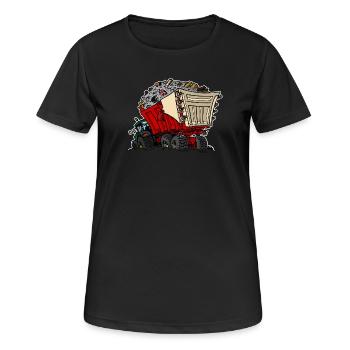 0956 Wagen RUIN - Frauen T-Shirt atmungsaktiv - Schwarz - Vorne - AI Model Female 172 light (172cm)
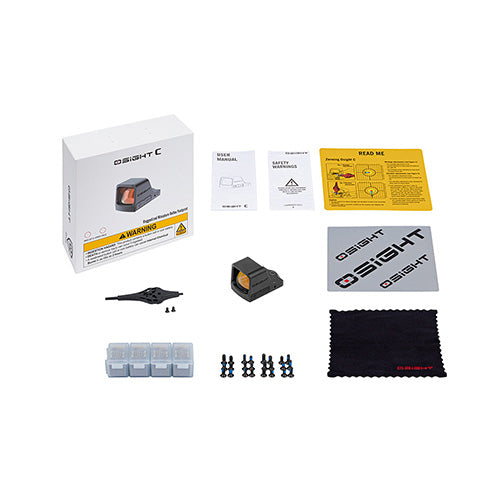 Olight Osight C - Optique à point rouge grande fenêtre - Point 3 MOA + Cercle 32 MOA - Batterie Chargement Latéral  NYCTALOPE  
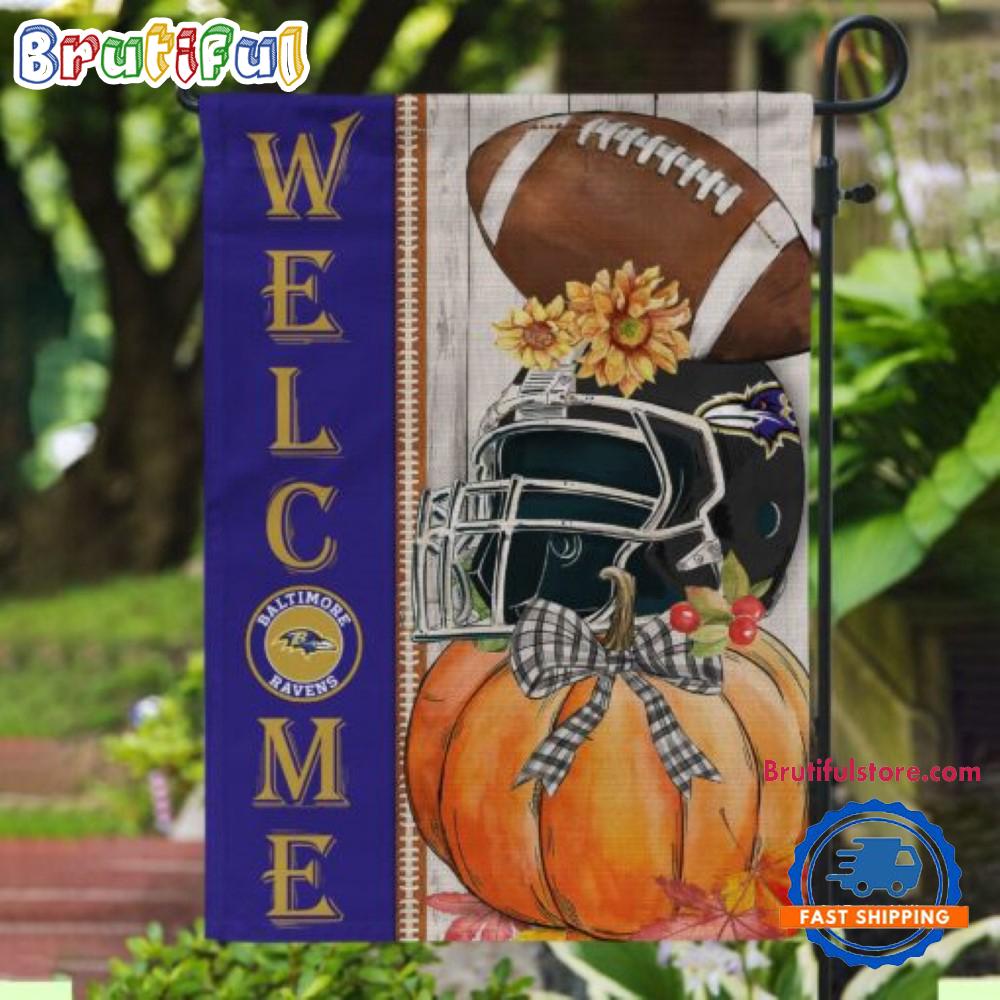 NFL Baltimore Ravens Flower Pumpkin Halloween Football Garden Flag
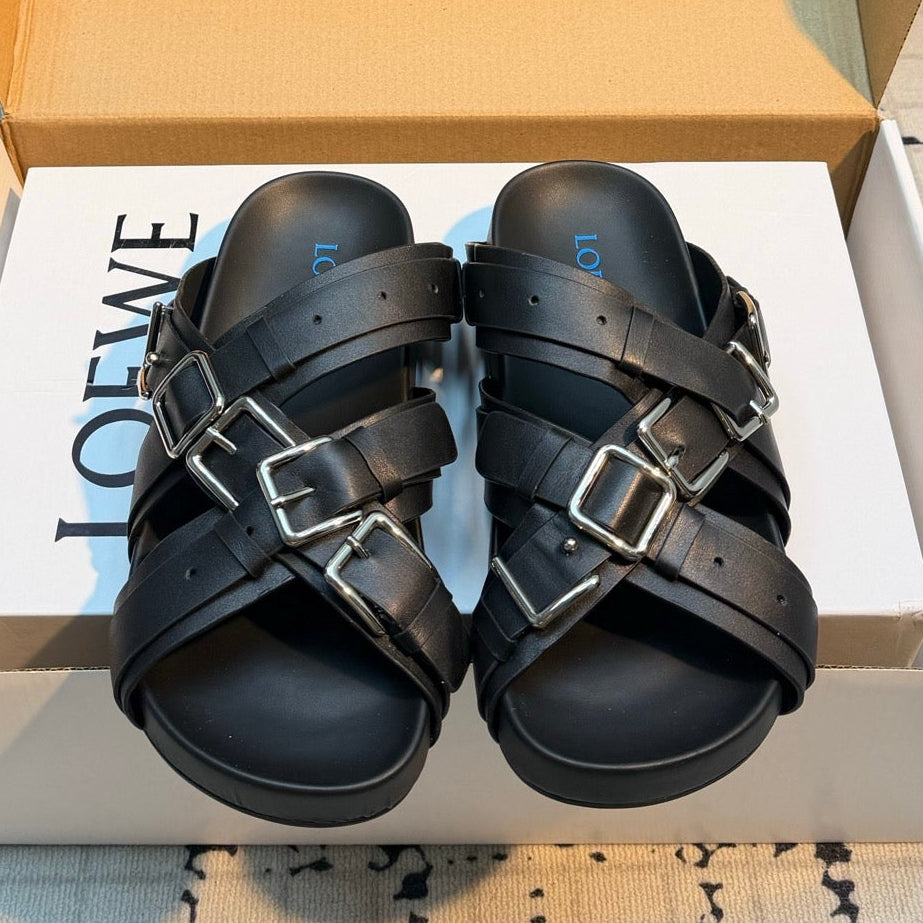 Loewe 2026 Cross-Strap Buckle Flat Sandals Suede Leather 116226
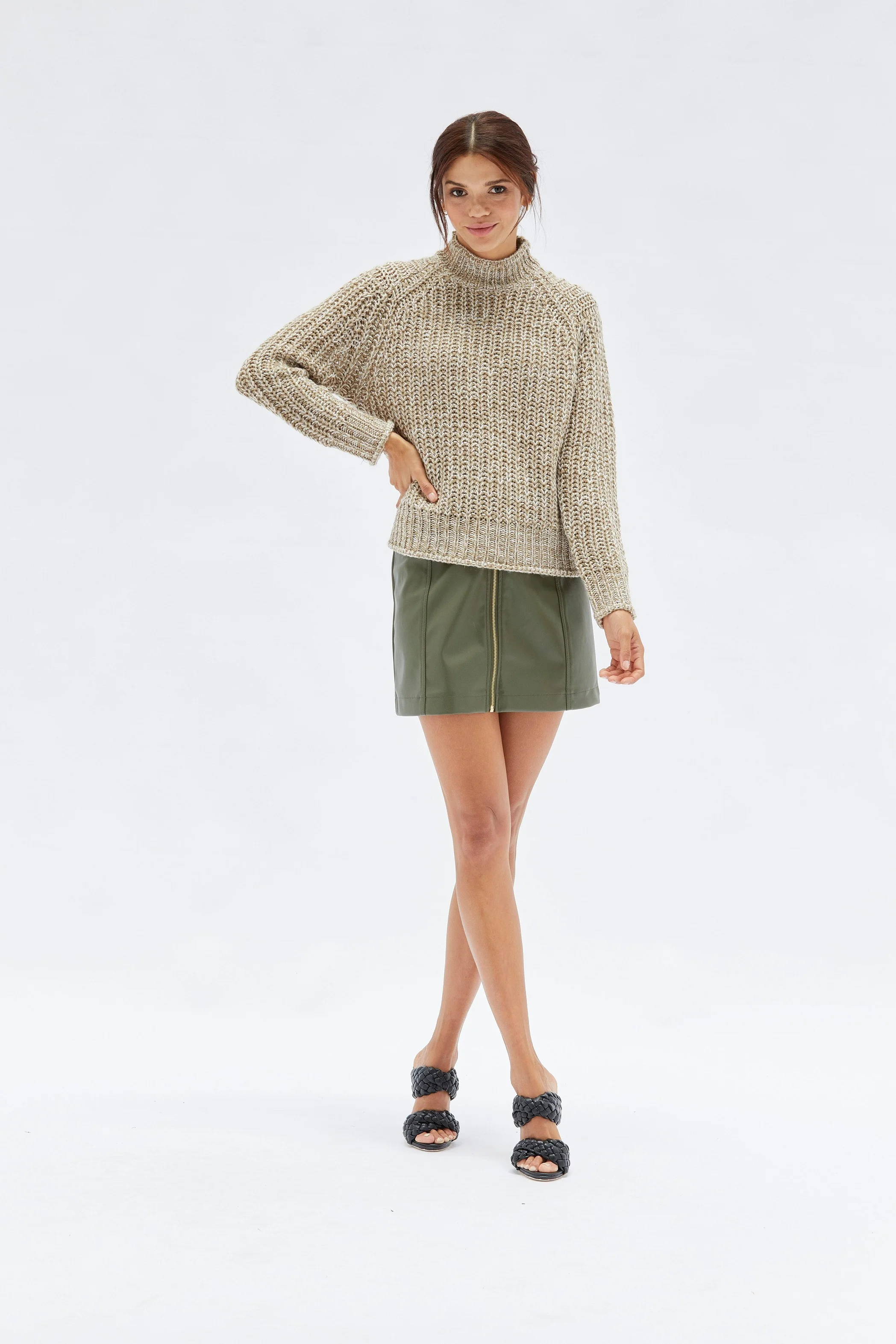 MINKPINK Womens Tiri High Neck Knit Jumper - Multi - Image 4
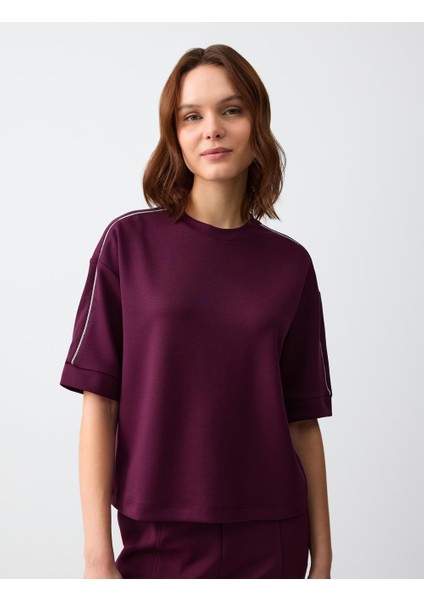 Sumak Bisiklet Yaka Düz Kesim Kısa Kollu Örme Sweatshirt
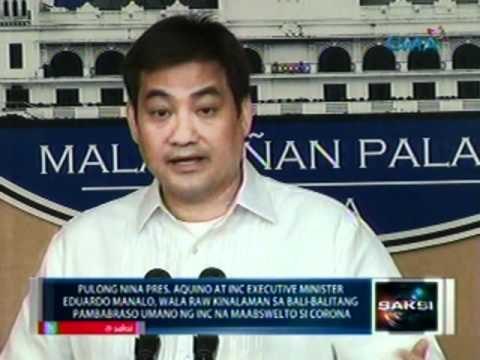 Saksi: PNoy at INC executive minister, napag-usapan ang impeachment trial ni Corona sa pulong kanina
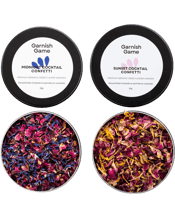  Garnish Game Floral Confetti<br>Bundle  10G This duo of cocktail confetti contains the prettiest of organic petals to sprinkle on cocktails and decorate food.<br>MIDNIGHT COCKTAIL CONFETTI: A mix of florals in moody shades of deep red pink, purples and blue with a luxe touch of 24ct edible gold sprinkled throughout.<br>SUNSET COCKTAIL CONFETTI: A mix of organic florals in sunny shades of warm yellow, bright pink and magenta with a luxe touch of 24ct edible gold sprinkled throughout.<br>Think of these edible dried petals as a dusting of pr
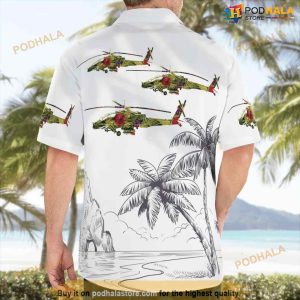 Us Army Boeing Ah 64 Apache Button Up Hawaiian Shirt 2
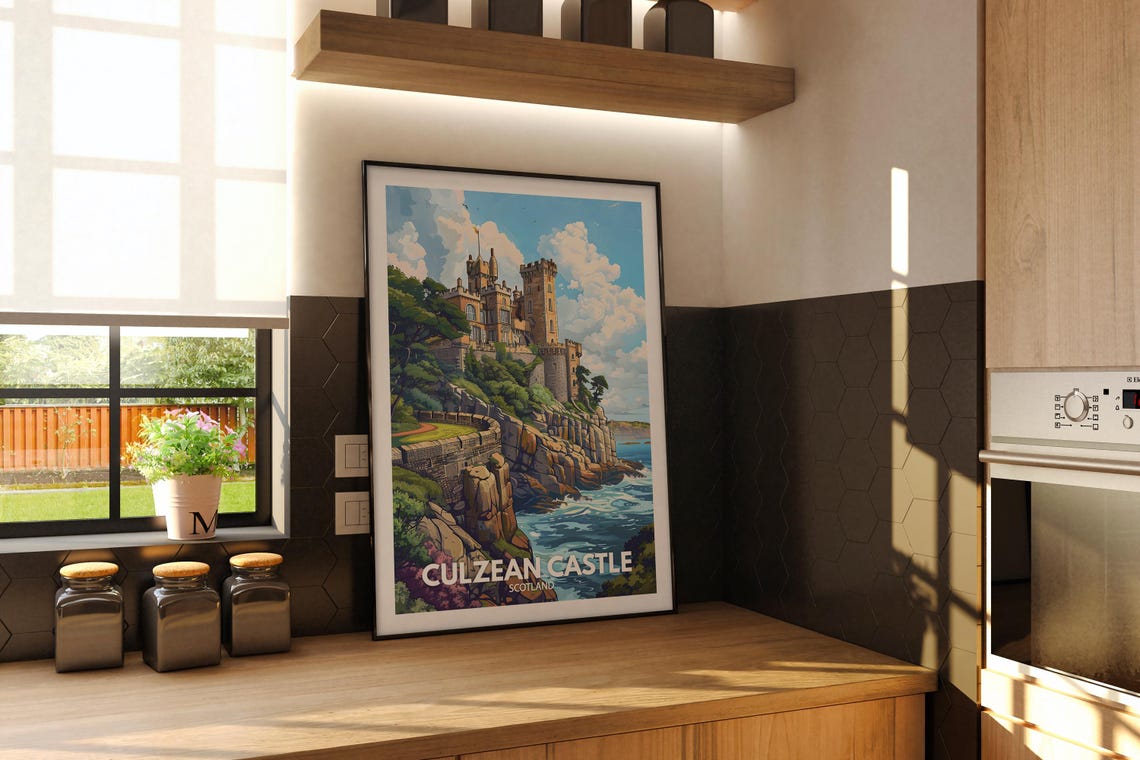 Culzean Castle Scotland Dramatic Rocky Cliffside Sea View Poster - Image 3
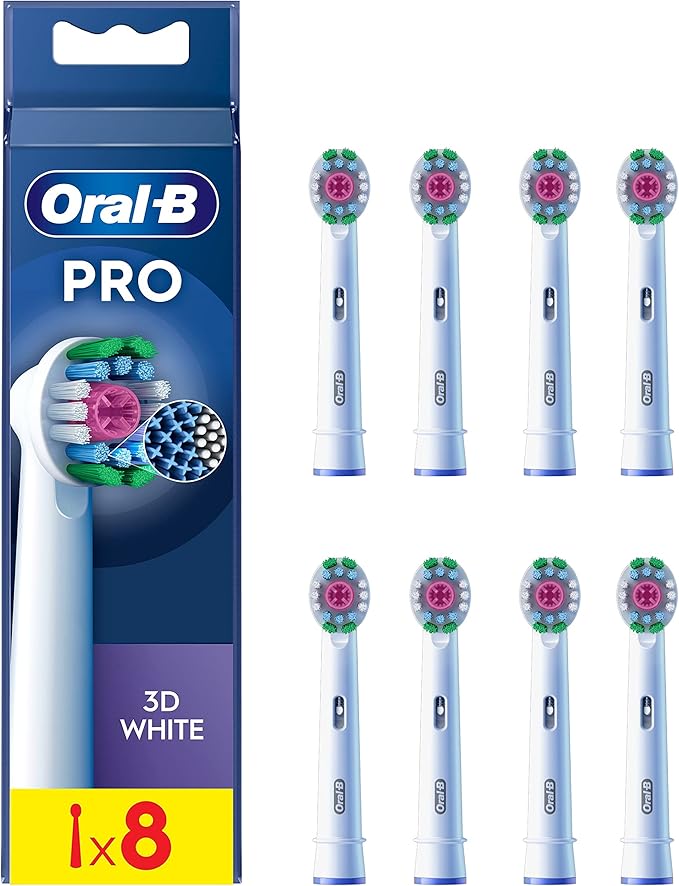 Conjunto 8 cabeças Oral-B Pro 3D White escova elétrica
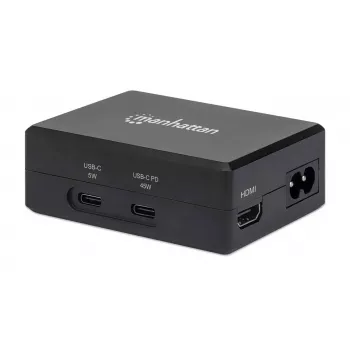 Manhattan Smart Video Multiport -telakka, liitännät (x5): HDMI-liitäntä, USB-A (x2), USB-C (x2), Power Delivery USB-C-liitäntään, sisäinen virtalähde, ultrakompakti, irrotettava virtajohto, musta, kolmen vuoden takuu, vähittäismyyntipakkaus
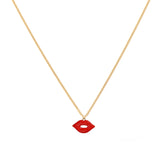 Golden necklace red lips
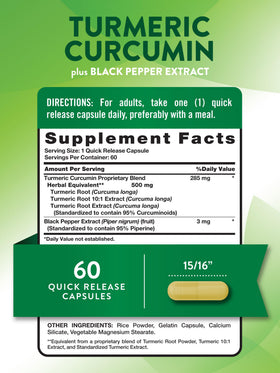 Nature's Truth Turmeric Curcumin side view with label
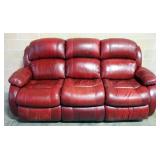 Leather Sofa With Recliners On Each End And Stationary Center Section, Approx 42" High x 82" Long
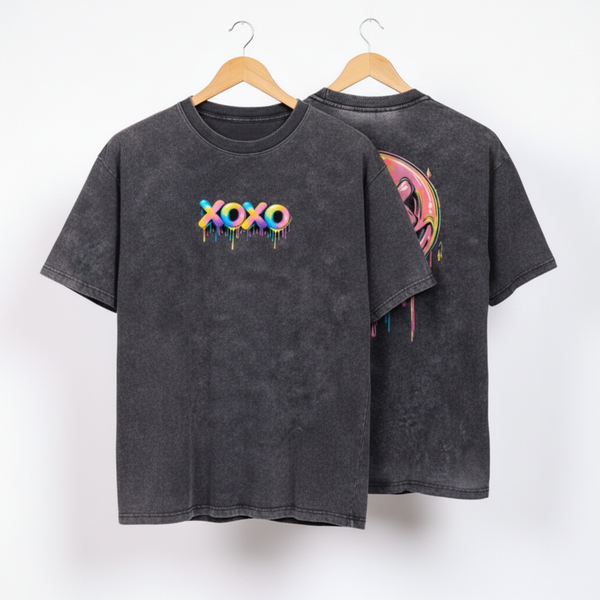 XOXO Drip Printed Acid Wash Oversized T-Shirt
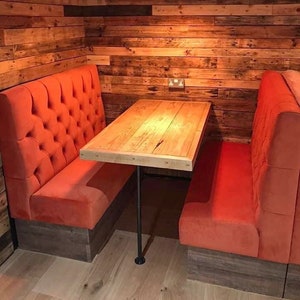 Restaurant Booth Seating available in any colour and size for home or commercial use shown in Orange Velvet image 1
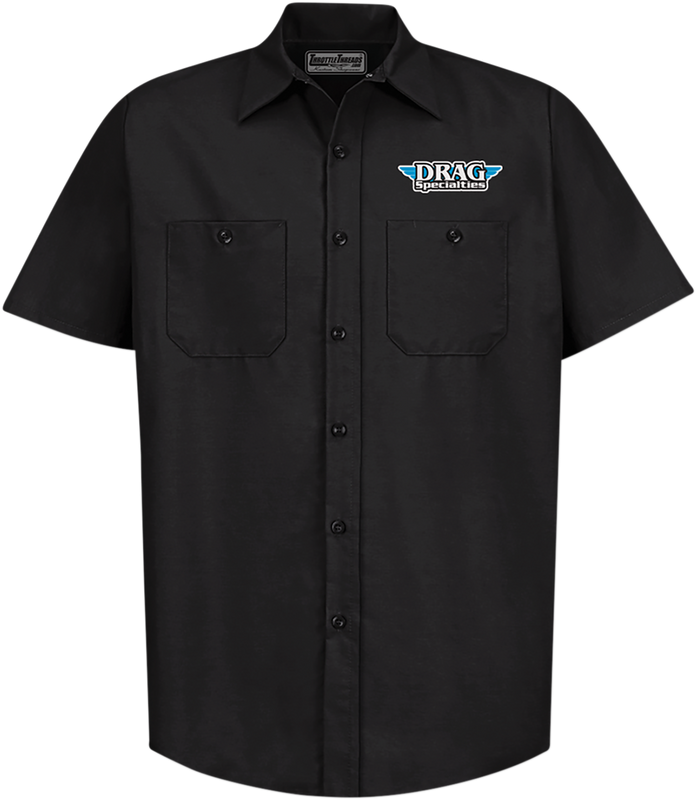 Throttle Threads Drag Specialties Shop Shirt - Black - 4Xl DRG31ST24BK4X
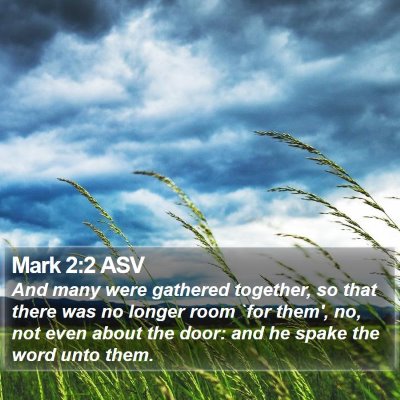 Mark 2:2 ASV Bible Verse Image
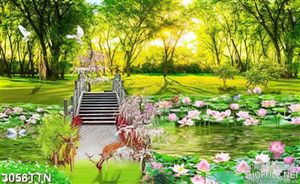 Tranh thiên nhiên hồ sen đẹp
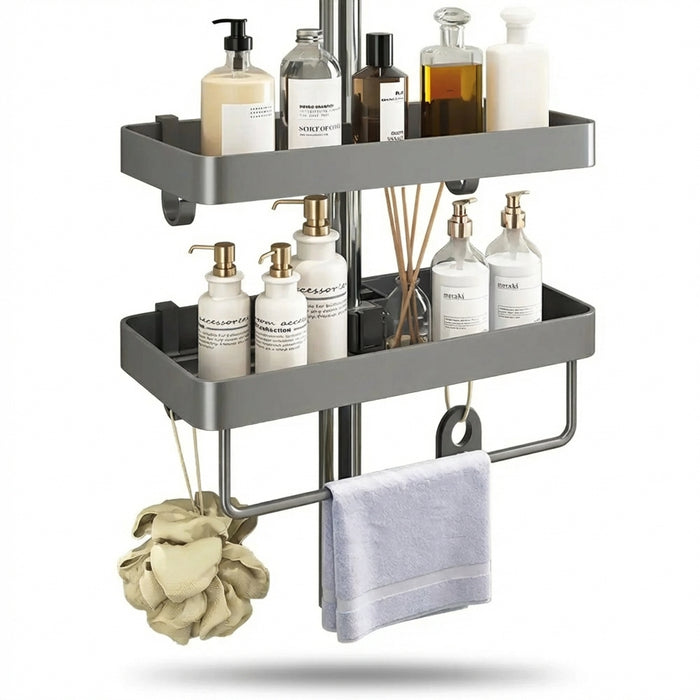 No‑drill aluminium shower caddy with towel rod option — single or double
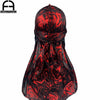 Red & Black Silky Durag With Flower Print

--*--

> [TASK REQUIREMENTS]
Pictures aside, write out verbatim every line from the first line of the material through the line holding "Saksi: PNoy at".

> [SOLUTION TO THIS PROBLEM]
 0956 Wagen RUIN - Frauen T-Shirt atmungsaktiv - Schwarz - Vorne - AI Model Female 172 light (172cm)
 Olight Osight C - Optique à point rouge grande fenêtre - Point 3 MOA + Cercle 32 MOA - Batterie Chargement Latéral  NYCTALOPE  
 NFL Baltimore Ravens Flower Pumpkin Halloween Football Garden Flag
 Loewe 2026 Cross-Strap Buckle Flat Sandals Suede Leather 116226
 MINKPINK Womens Tiri High Neck Knit Jumper - Multi - Image 4
 Sumak Bisiklet Yaka Düz Kesim Kısa Kollu Örme Sweatshirt
 Saksi: PNoy at INC executive minister, napag-usapan ang impeachment trial ni Corona sa pulong kanina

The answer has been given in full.